La potenza di questo film, oltre che nella regia, sta anche nel messaggio che offre: come il minari, l’erba che cresce spontanea ma è così preziosa e non ha bisogno di una cura maniacale, così la fortuna dell’uomo si basa certamente sul lavoro e l’impegno, ma ha bisogno soprattutto di qualcosa che non è materiale, che non è spiegabile soltanto con la ragione, per crescere. Un messaggio forte, autobiografico, quello del regista Lee Isaac Chung, che avrebbe meritato qualche riconoscimento in più dall’Academy.

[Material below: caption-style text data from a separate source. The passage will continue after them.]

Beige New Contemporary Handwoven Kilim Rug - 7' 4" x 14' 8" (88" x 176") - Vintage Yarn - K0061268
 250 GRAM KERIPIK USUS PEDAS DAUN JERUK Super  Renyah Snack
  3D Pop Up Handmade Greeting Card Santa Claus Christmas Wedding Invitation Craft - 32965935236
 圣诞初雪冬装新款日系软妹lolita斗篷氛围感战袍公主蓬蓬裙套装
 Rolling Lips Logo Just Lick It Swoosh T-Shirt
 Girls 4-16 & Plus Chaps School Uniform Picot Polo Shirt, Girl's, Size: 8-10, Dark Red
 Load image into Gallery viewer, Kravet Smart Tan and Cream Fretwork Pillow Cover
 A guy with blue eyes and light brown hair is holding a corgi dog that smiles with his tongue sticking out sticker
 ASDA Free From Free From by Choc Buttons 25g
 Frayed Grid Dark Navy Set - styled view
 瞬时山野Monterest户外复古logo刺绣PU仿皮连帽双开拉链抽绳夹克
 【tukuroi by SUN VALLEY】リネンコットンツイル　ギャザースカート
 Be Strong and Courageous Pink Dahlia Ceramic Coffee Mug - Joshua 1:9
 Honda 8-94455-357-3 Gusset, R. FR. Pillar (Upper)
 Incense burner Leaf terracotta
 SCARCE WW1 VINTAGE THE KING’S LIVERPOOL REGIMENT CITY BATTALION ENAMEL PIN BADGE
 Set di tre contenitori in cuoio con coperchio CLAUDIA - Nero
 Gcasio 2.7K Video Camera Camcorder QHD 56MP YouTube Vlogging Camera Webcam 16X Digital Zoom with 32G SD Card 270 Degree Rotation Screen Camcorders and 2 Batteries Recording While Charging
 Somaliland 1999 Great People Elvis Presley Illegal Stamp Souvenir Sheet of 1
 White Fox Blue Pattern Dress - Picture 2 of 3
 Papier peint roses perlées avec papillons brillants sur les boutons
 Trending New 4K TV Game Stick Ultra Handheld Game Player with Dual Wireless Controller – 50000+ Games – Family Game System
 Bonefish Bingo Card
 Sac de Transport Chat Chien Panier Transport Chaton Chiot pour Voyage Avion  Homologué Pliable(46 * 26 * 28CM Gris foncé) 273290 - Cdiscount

Di simbolismo è impregnata l’intera pellicola: il lavoro odiato da Jacob, quello di controllare il sesso dei pulcini e scartare i maschi perché ‘non servono’, rappresenta il suo costante incubo di essere inutile alla società; una società, quella attuale, in cui si costruicono muri per tenere lontano gli stranieri.

Gli attori meritano una menzione a parte: a Youn Yuh-Jung, che interpreta il personaggio della nonna (decisivo nella svolta della trama) è andato l’Oscar come Migliore Attrice Non Protagonista, ma questo premio lo avrebbero meritato tutti: per aver raccontato con le parole, ma soprattutto con gli sguardi e con la mimica, emozioni forti che arrivano dritte al cuore.

Il film è nelle (poche) sale cinematografiche aperte dal 26 aprile e su Sky dal 5 maggio, distribuito da Academy Two. Da vedere in lingua originale, per entrare ancora più in empatia con i protagonisti e per coglierne appieno ogni sfumatura.